Tennessee’s Republican lawmakers ended the legislative session early on Friday without taking action on gun control, less than a month after a mass shooter at a Nashville school killed three adults and three 9-year-olds.
The state allows 90 days for legislative sessions over a two-year period, but lawmakers adjourned this year after just 27 days, even as thousands of students, parents, teachers, and others have decried the role that lax gun laws played in the shooting and called for reforms. An hour or two after lawmakers headed home, Tennessee’s Republican Gov. Bill Lee, whose wife’s friend died in the shooting, announced he would send them back for a special session to keep debating a response.
“There is broad agreement that dangerous, unstable individuals who intend to harm themselves or others should not have access to weapons,” Lee said in a statement.
Audrey Hale, the 28-year-old gunman who opened fire on Covenant School, a private Christian school, had legally purchased seven firearms and used three of them in the shooting, including an assault-style rifle. He was a former student and was reportedly under care for an emotional disorder.
Protesters are demanding an assault weapons ban, among other measures. Gov. Lee is pushing for a weaker bill—an “order of protection” law that would restrict firearms for individuals who are deemed a risk to others. The bill has been watered down compared with “red flag” laws in other states, requiring a waiting period and court hearing before removing someone’s guns. “We also share a strong commitment to preserving Second Amendment rights, ensuring due process and addressing the heart of the problem with strengthened mental health resources,” Lee added in his statement.

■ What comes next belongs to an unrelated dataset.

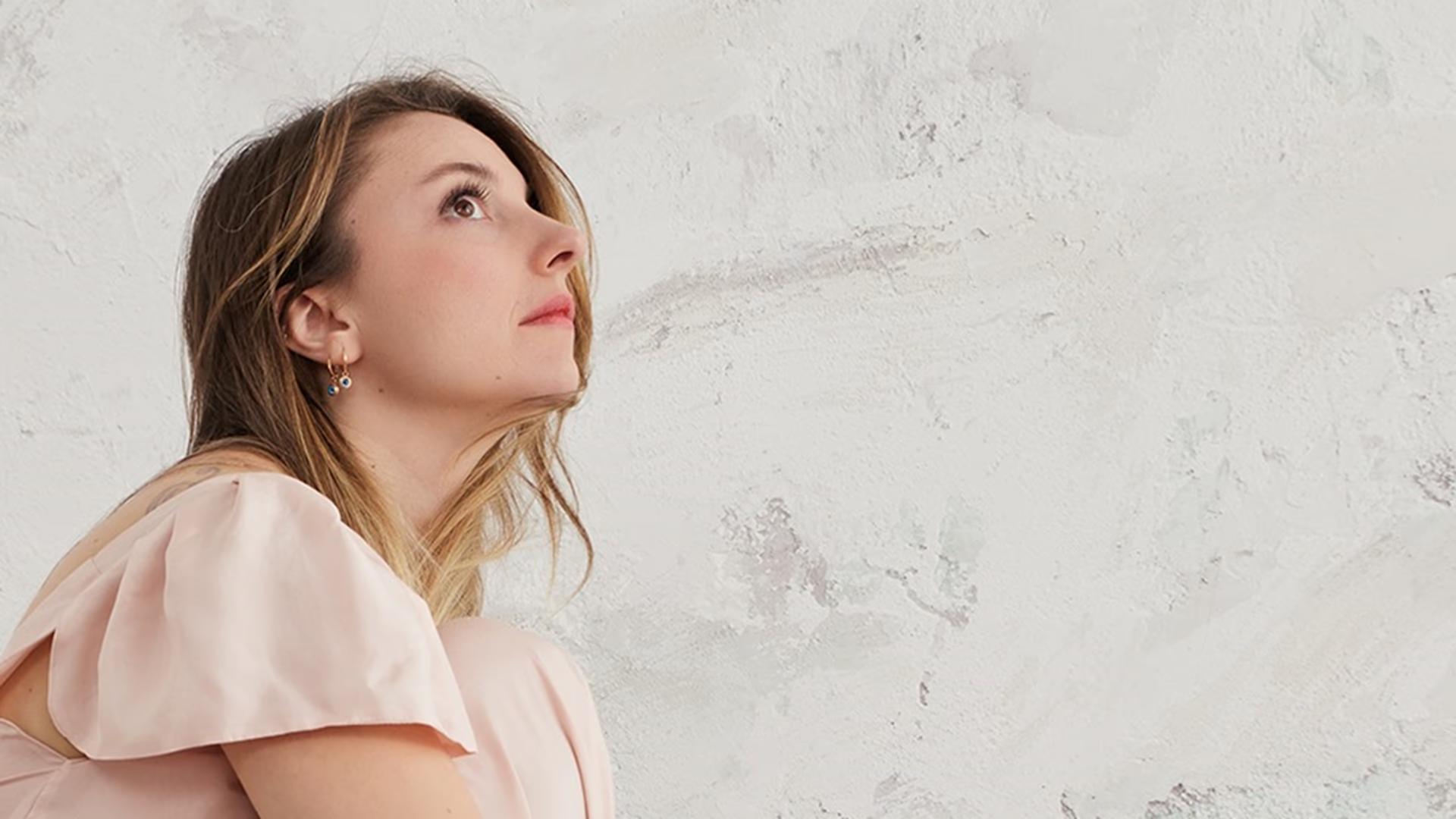 6:45 KK Bornova etkinlik görseli 5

Republicans hold a supermajority in Tennessee’s legislature and said in recent days that they were too far into the session to consider the governor’s proposal and how it might affect the state budget. According to the New York Times, Speaker Cameron Sexton told reporters at a press conference that he believed it was important to wait and have more “conversations outside of the Capitol with the public,” to “let them have input on exactly how we should move forward.”
But he and his Republican colleagues seemed uninterested in public comment earlier in the session when they quickly expelled two Black Democratic lawmakers who protested on the House floor for gun control. At the time, Speaker Sexton compared the demonstration led by Reps. Justin Jones of Nashville and Justin Pearson of Memphis to the January 6 insurrection at the US Capitol. Jones and Pearson, both Democrats, had widespread support from their constituents and were soon reinstated by local officials.

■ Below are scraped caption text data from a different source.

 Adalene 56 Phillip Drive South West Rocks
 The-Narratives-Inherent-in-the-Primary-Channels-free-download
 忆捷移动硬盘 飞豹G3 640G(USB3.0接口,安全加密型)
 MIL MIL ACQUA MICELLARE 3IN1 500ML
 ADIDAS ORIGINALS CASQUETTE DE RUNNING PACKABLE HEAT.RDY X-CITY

Republican lawmakers also ignored public demands for police accountability this session after Memphis cops fatally beat Tyre Nichols, a 29-year-old photographer and FedEx worker; instead, they voted to dissolve two civilian police oversight boards. And despite the LGBT community’s outcry, they passed a bill that would stop transgender people from altering their gender on state IDs.

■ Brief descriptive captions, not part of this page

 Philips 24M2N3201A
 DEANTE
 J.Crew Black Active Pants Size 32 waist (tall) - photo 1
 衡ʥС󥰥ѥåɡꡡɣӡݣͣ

By packing up early, Republicans are also ignoring all the student protesters who walked out of class to call for swift gun control, the older activists who marched with child-size caskets, and the demonstrators who formed a three-mile human chain across Nashville. State Rep. Karen Camper, the House Democratic leader, questioned why her Republican colleagues were delaying responding to their demands. “Why would you make the choice to leave and then come back when you could just do it right here, right now?” she asked Republicans in a committee hearing on Friday, according to the New York Times. “People are yelling and screaming out to us to do something.”